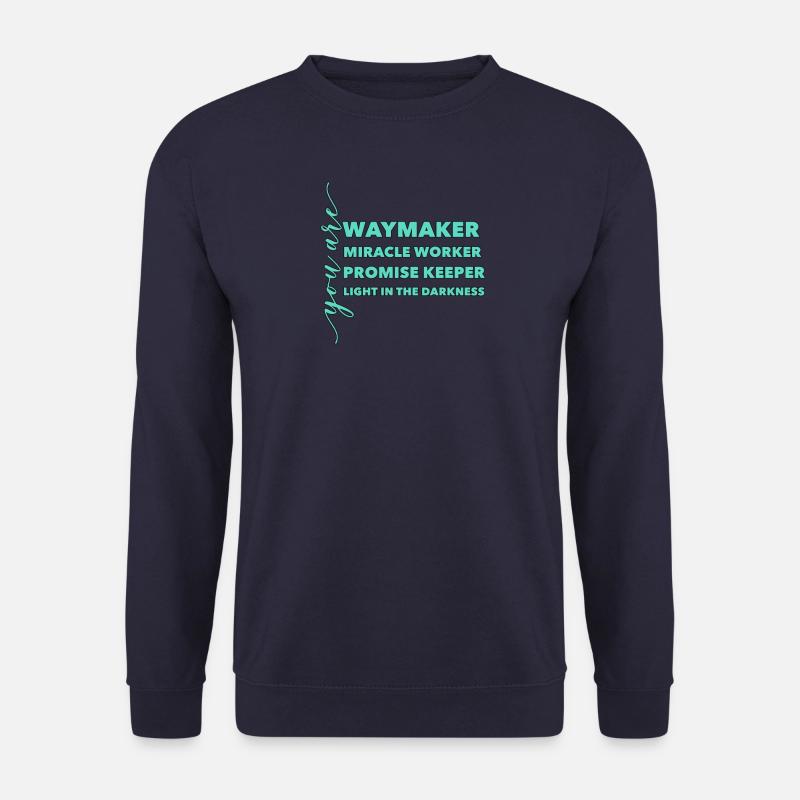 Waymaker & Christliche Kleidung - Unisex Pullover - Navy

==

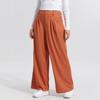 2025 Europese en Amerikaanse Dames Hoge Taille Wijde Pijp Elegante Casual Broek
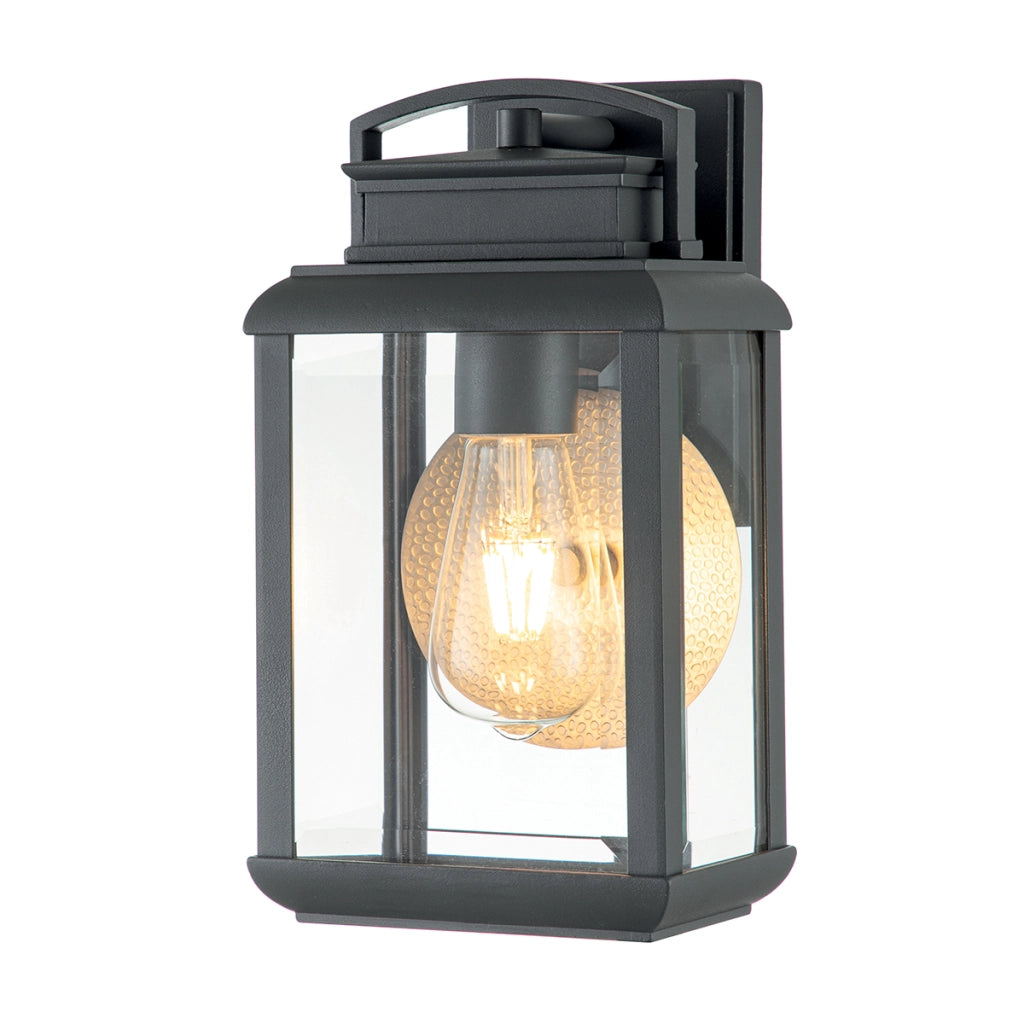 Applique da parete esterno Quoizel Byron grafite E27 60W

...

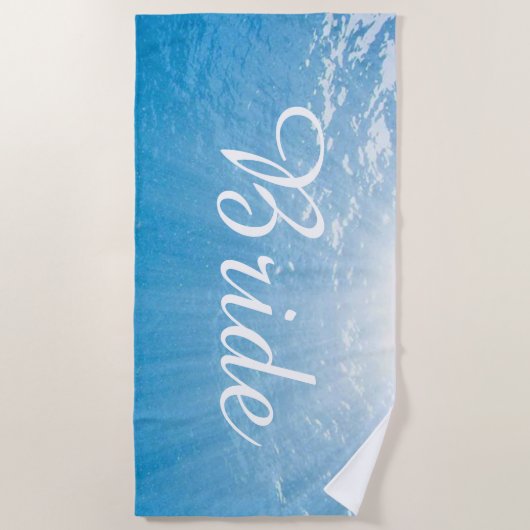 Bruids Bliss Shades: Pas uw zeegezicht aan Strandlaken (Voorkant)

(GOAL OF THE EXERCISE): Each line between the one holding "2025 Europese en" and the one holding "Applique da parete", inclusive, should be copied exactly as it appears above, and pictures should be omitted.

(SOLVED PROBLEM):
 2025 Europese en Amerikaanse Dames Hoge Taille Wijde Pijp Elegante Casual Broek
 Applique da parete esterno Quoizel Byron grafite E27 60W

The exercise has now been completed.